Narrative Interior Design: Giving Meanwhile Spaces a Purpose
Cities are full of spaces waiting for their next chapter. Vacant buildings, underused shopping centres, forgotten infrastructure. These sites often sit idle while long term plans slowly take shape.
Meanwhile use offers a way to activate them, bringing life back into the city through temporary occupation. At JH.A we see these moments not as placeholders, but as opportunities to create meaningful experiences through design.
Narrative interior design is a powerful tool in shaping these temporary spaces. By using storytelling, materiality and atmosphere, a meanwhile project can develop its own identity, helping visitors connect with the space in a memorable way. In one recent project, we reappropriated an underused shopping centre and transformed it into a temporary food hall. Rather than treating the space as simply a collection of stalls, we built a narrative around the work of local hero Roald Dahl, using imagination, playfulness and visual storytelling to guide the design.
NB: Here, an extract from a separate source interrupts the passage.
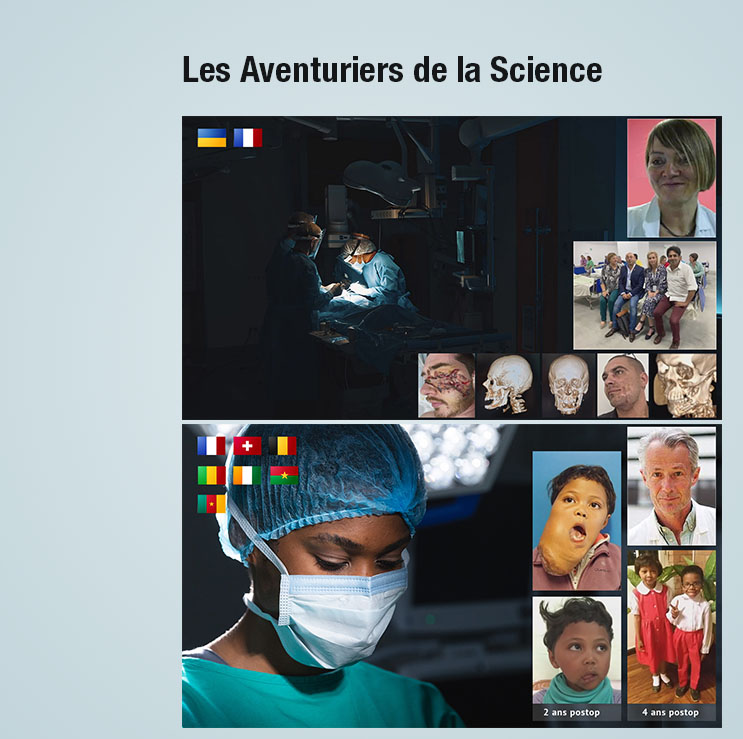 les aventuriers de la Science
Dahl’s stories provided a framework for colour, graphics and spatial moments that encouraged exploration. Playful signage, layered textures and unexpected details created a sense of curiosity, turning the everyday act of eating into a small narrative journey. The result was not only a functioning food hall, but a temporary destination that brought people back into a forgotten retail space and gave the building a renewed sense of purpose.